» **Problem requirements**:
Would you reproduce the whole listing exactly, minus its images?

[Opening Collected material section]

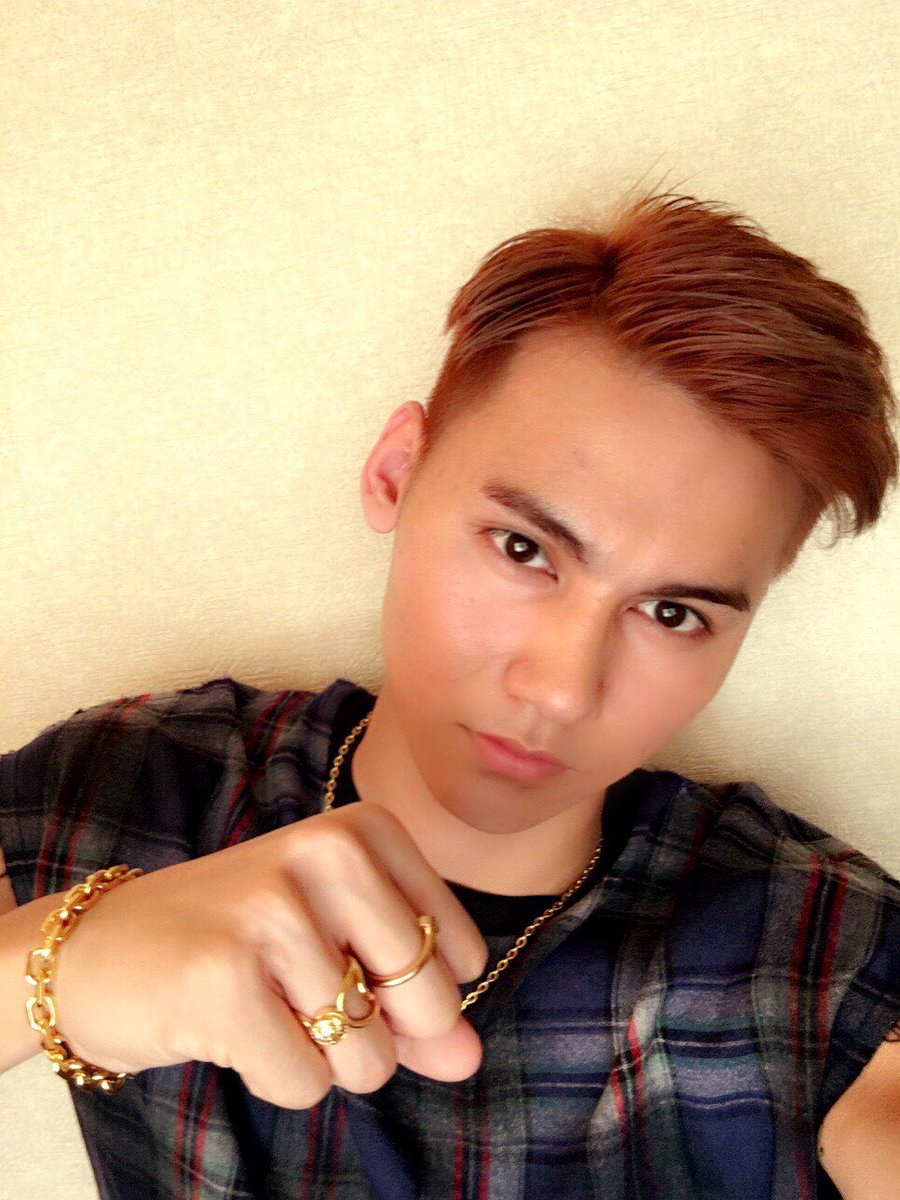 therampagefext's tweet photo. こんにちは、龍です‼️
気温が暑くなってきましたね！
皆さん、お体には十分気をつけて下さいね^ ^
暑さに負けず本日も頑張りましょう🔥🔥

[Closing Collected material section]

» **Expected answer**:
 therampagefext's tweet photo. こんにちは、龍です‼️
気温が暑くなってきましたね！
皆さん、お体には十分気をつけて下さいね^ ^
暑さに負けず本日も頑張りましょう🔥🔥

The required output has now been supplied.